El relato de la vida de los grandes humanos se difumina siempre entre un mito o la realidad. Del pasado se ha compartido que Iósif Stalin, encabezando una reunión con los más altos mandos del politburó, manifestó una fuerte frustración a sus subalternos al replicar: “denme una industria el diez por ciento de poderosa de lo que es Hollywood y convierto al mundo entero al comunismo”. La existencia de tal sentencia es un enigma aún a descifrar, pero de haber ocurrido ésta debió haberse presentado en aquellos días en que, como titula el diario.es de España, se vivió un “fugaz romance entre Hollywood y la Unión Soviética”.

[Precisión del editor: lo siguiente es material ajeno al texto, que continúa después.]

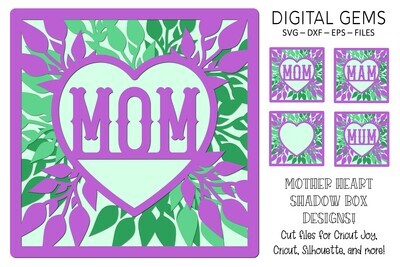 Mothers Day Heart Shadow Box Designs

Las páginas escritas por Michael S. Shull, en su libro Hollywood War Films 1937-1945, reseñan aquella época con un minucioso repaso de las producciones hollywoodenses durante la confrontación bélica más dolorosa: la Segunda Guerra Mundial. En sus párrafos disecciona obras como «Song of Russia», filme retratando una valerosa colaboración entre los norteamericanos y los rusos para combatir el nazismo, dando espacio para presenciar el nacimiento del amor entre dos ciudadanos de cada país; otra cinta digna de su estudio es «The North Star», producción que exhibe a las granjas colectivas rusas como un paradisiaco lugar; y, una última por citar, «The Boys From Stalingrad», filme donde un grupo de niños rusos heroicamente enfrentan al poderoso y horroroso régimen alemán.